NoteSPI and crypto_id are two independent concepts:
The SPI value in the PSP packet header indicates to the receiver which key was used by the sender to encrypt the data. Each receiver computes an SPI and key to provide to a sender. Since each receiver is responsible for tracking its next SPI, multiple receivers may provide the same SPI to a sender, so one sender may send the same SPI to multiple different peers. This is allowed, as each of the receiving peers has its own decryption key to handle that SPI.
The crypto_id acts as an index into the bucket of PSP keys allocated by DOCA Flow. The doca_flow_shared_resource_cfg() function writes a given PSP encryption key to a given slot in the bucket of keys in NIC memory. These slots can be overwritten as needed by the application.
There is no explicit association between crypto_id and SPI. The doca_flow_shared_resource_cfg() function writes a key at the slot provided by the crypto_id argument, then the flow pipe entry actions.crypto.crypto_id references this key, and actions.crypto_encap.encap_data includes a PSP header with the desired SPI.
struct doca_flow_shared_resource_cfg res_cfg = {}; res_cfg.domain = DOCA_FLOW_PIPE_DOMAIN_SECURE_EGRESS; res_cfg.psp_cfg.key_cfg.key_type = DOCA_FLOW_CRYPTO_KEY_256; res_cfg.psp_cfg.key_cfg.key = (uint32_t *)encrypt_key; doca_flow_shared_resource_cfg(DOCA_FLOW_SHARED_RESOURCE_PSP, session->crypto_id, &res_cfg);
A flow pipe entry which references the newly programmed PSP encryption key (via its index crypto.crypto_id) must be inserted. Additionally, this pipe entry must specify all the outer Ethernet, IP, UDP, and PSP header fields to insert.
format_encap_data(session, actions.crypto_encap.encap_data); actions.crypto.action_type = DOCA_FLOW_CRYPTO_ACTION_ENCRYPT; actions.crypto.resource_type = DOCA_FLOW_CRYPTO_RESOURCE_PSP; actions.crypto.crypto_id = session->crypto_id; ... doca_flow_pipe_add_entry(pipe_queue, pipe, match, actions, mon, fwd, flags, &status, entry); ... doca_flow_entries_process(port,
0
, DEFAULT_TIMEOUT_US, num_of_entries);The original packet received via rte_ethdev_rx_burst is sent back through the newly updated pipelines via rte_ethdev_tx_burst. Since the port_id argument is that of the PF, and since DOCA Flow has been initialized in expert mode, the packet is transferred to the root of the egress domain (the "empty pipe" before egress_acl_pipe).
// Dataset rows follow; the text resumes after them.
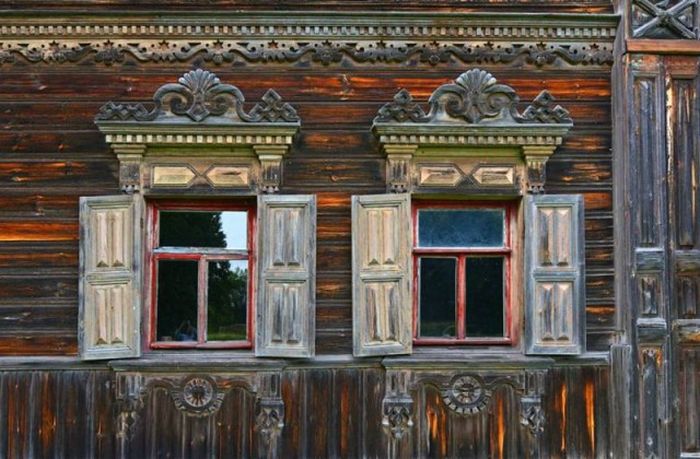 Великолепный деревянный дом в заброшенной деревне Погорелово Великолепный деревянный дом в заброшенной деревне Погорелово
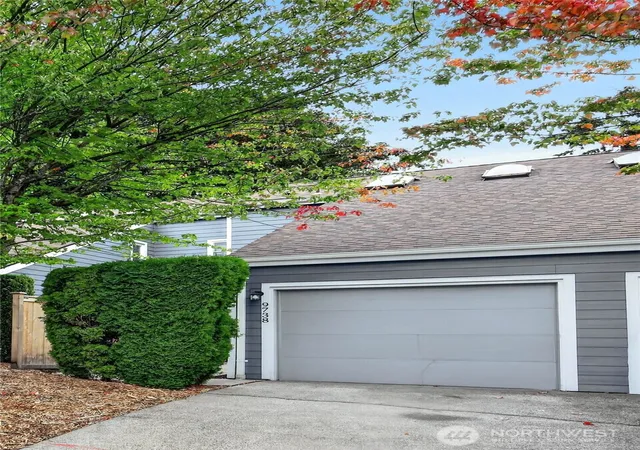 Photo 2 of Townhouse for sale at 9738 Ashworth Ave N, Seattle, WA 98103 | MLS# NWM2588707 | Listing updated on 2026-10-01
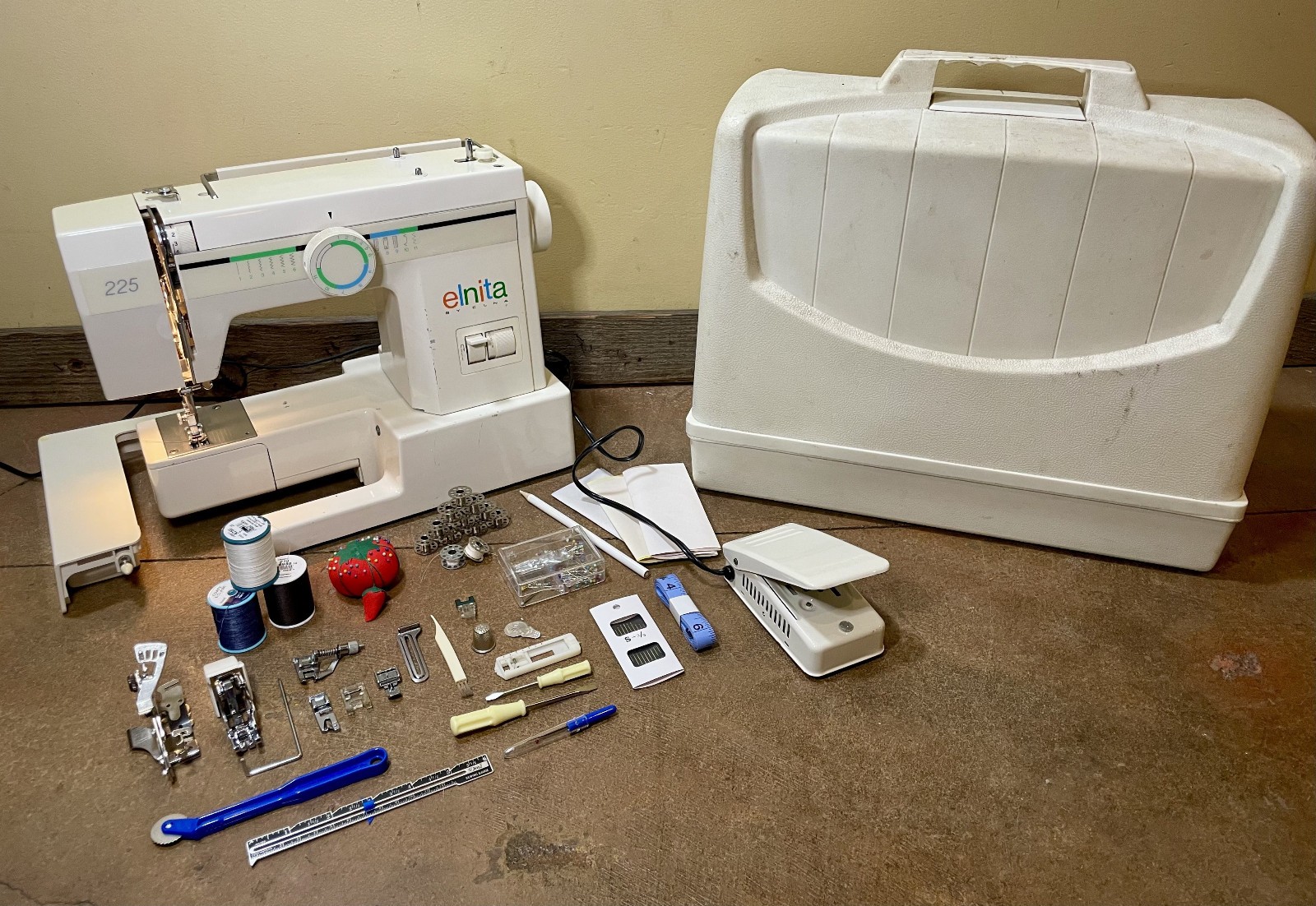 ELNA Elnita 225 Sewing Machine w/ Foot Pedal, Accessories & Case Works!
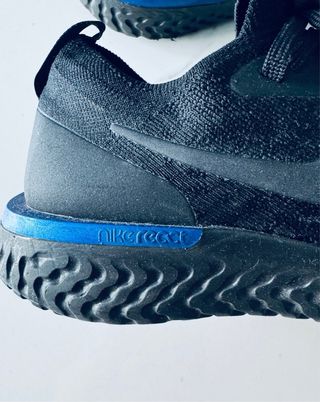 Scarpa da running Nike Epic React Flyknit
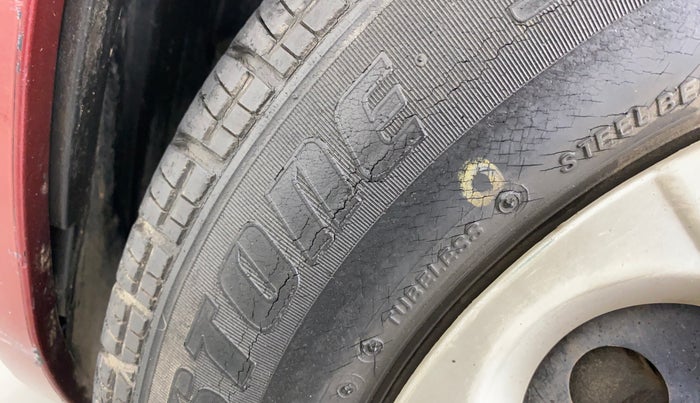 2012 Maruti Ritz VXI, Petrol, Manual, 38,743 km, Left front tyre - Minor crack
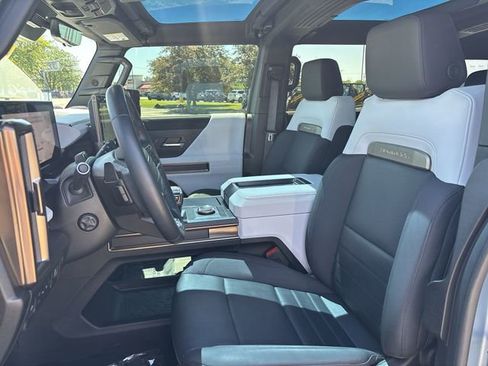 Certified 2024 GMC Hummer EV 3X w/ Omega Edition AWD/4WD image 22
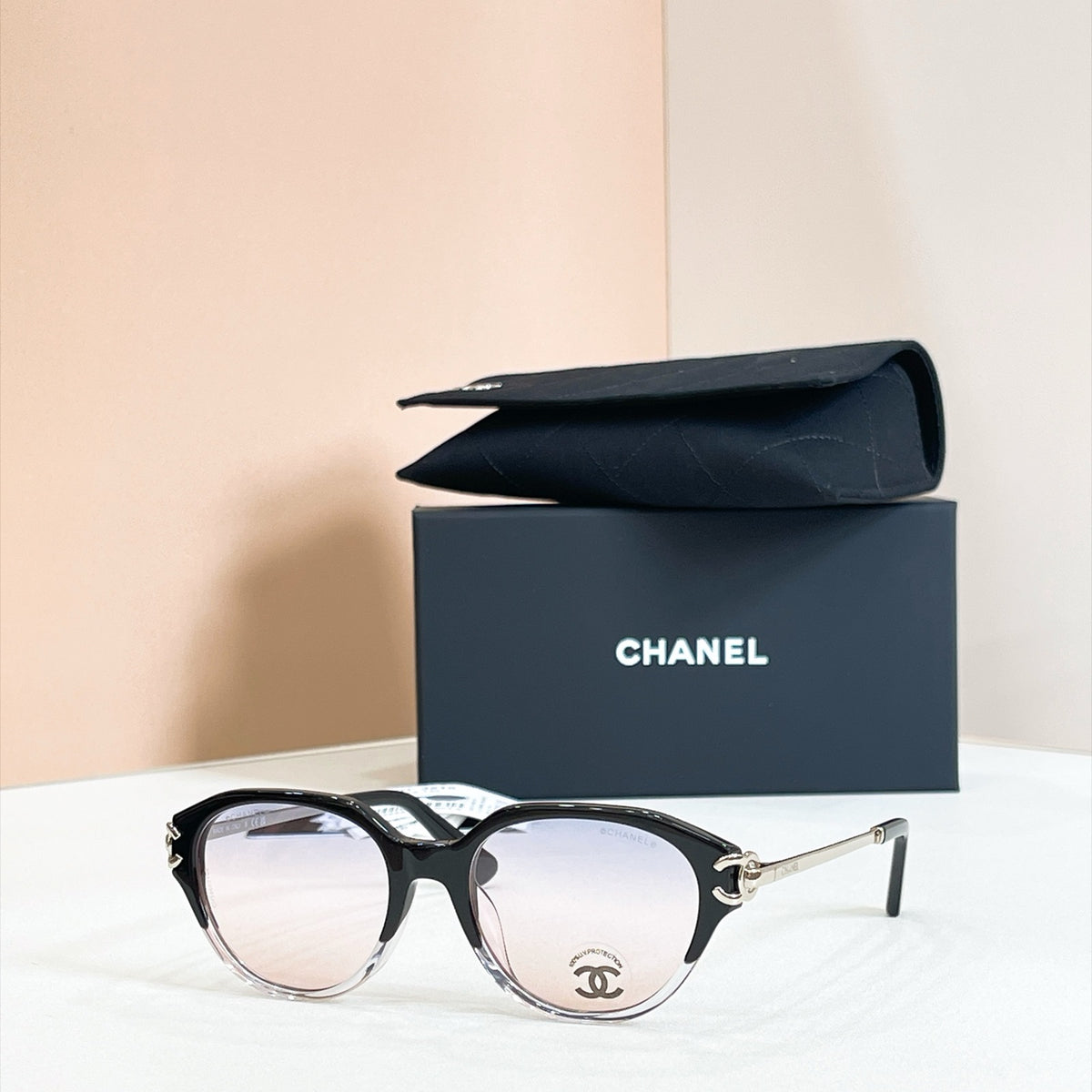 2026 High-End leisure travel versatile sunglasses19048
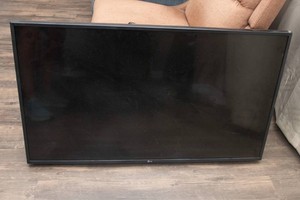 LG 43 4K UHD Smart LED TV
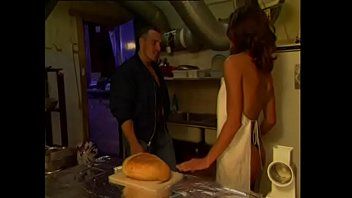 play XNXX Filmy erotyczne ze zwierzętami nakręcone w kuchni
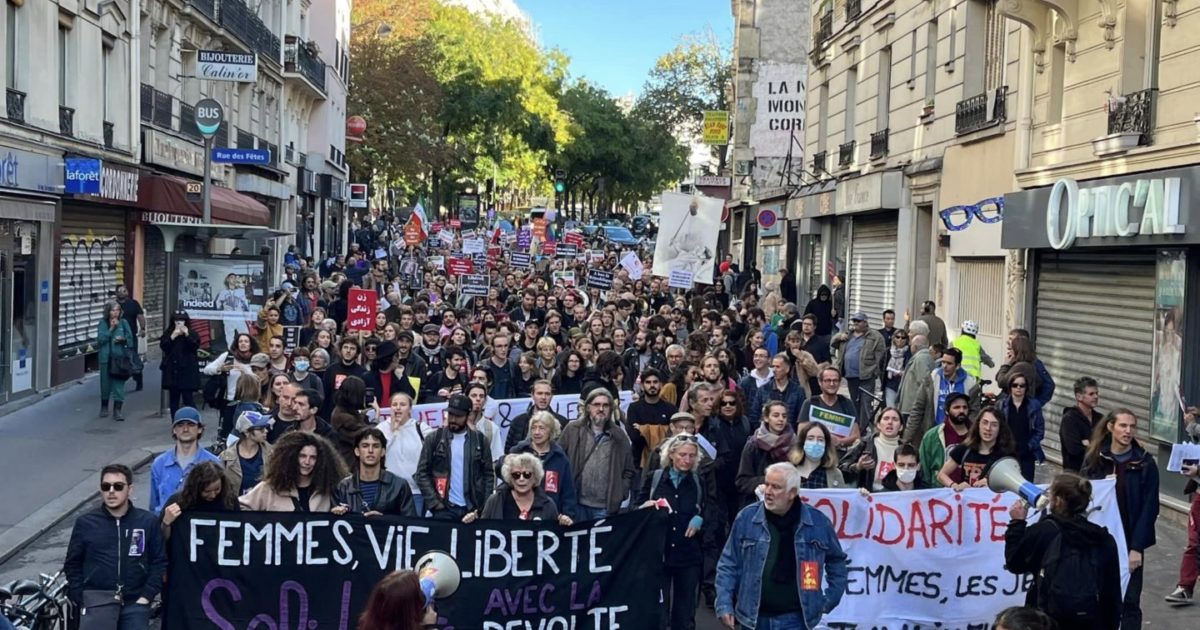 Aposentadorias na França: mulheres na linha de frente, mulheres em luta!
nsent = rte_eth_tx_burst(port_id, queue_id, &packet,
1
);
Tunnel parameter request handling
The gRPC service provided by the PSP Gateway implements the RequestTunnelParams operation referenced above. A client uses this operation to request an SPI and key to encrypt traffic to send to the server's NIC device. The request indicates the virtual remote address for which the tunnel will be created.
This operation begins by generating a new SPI and key inside generate_tunnel_params() as described previously.
The operation creates an ACL entry permitting the new SPI and the remote virtual address using the add_ingress_acl_entry method of the Flows object.
doca_flow_match match = {}; match.parser_meta.psp_syndrome =
0
; match.tun.type = DOCA_FLOW_TUN_PSP; match.tun.psp.spi = RTE_BE32(session->spi_ingress); match.inner.l3_type = DOCA_FLOW_L3_TYPE_IP4; match.inner.ip4.src_ip = session->src_vip; ... doca_flow_pipe_add_entry(pipe_queue, pipe, match, actions, mon, fwd, flags, &status, entry); ... doca_flow_entries_process(port,0
, DEFAULT_TIMEOUT_US, num_of_entries);If the request included parameters for traffic in the reverse direction (traffic to encrypt and send to the client), these parameters are translated and passed to the Flows object by calling create_tunnel_flow described above.